January 09, 2012
On of the leading corporate governance watchdogs has issued a warning to institutions in the City to curb excessive pay now if they want to avoid the government from forcing them to do so through legislation.
Pirc advises some of the biggest pension funds in Britain and has said at a time when most ordinary workers are facing pay freezes or even cuts executive pay continues to rapidly increase. Research published by Income Data Services showed that the average FTSE 100 director had seen their pay increase by 49 per cent at a time when UK growth is under 2 per cent with inflation at 4.8 per cent. The difference between growth and inflation is a clear indication that in real terms most average UK workers have seen their pay drop.

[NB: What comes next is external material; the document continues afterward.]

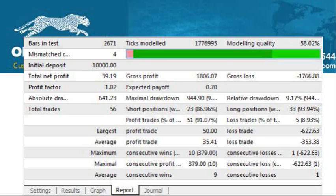The bars in test is showing you how many bars were on the chart. Ideally, you want to see zero mismatched bars — that tells you something about the accuracy of the price data. The larger that number, the more inaccurate and less reliable the test.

Pirc said: "In an environment when many employees are continuing to face pay freezes, or cuts in real terms, allowing executive reward to rise will become highly controversial. If asset managers have any sense, they will need to start taking a view on the scale of reward, and its relation to pay within the company, alongside performance linkage when they come to vote at company meetings."
The issue of excessive corporate pay is unlikely to go away as the government is increasingly criticizing the increase in pay to executives. Deputy Prime Minister Nick Clegg has openly praised a report by the High Pay Commission which was heavily critical of City remuneration and it appears likely that if the City fails to self-regulate then the government will introduce new laws to force a simplified pay structure.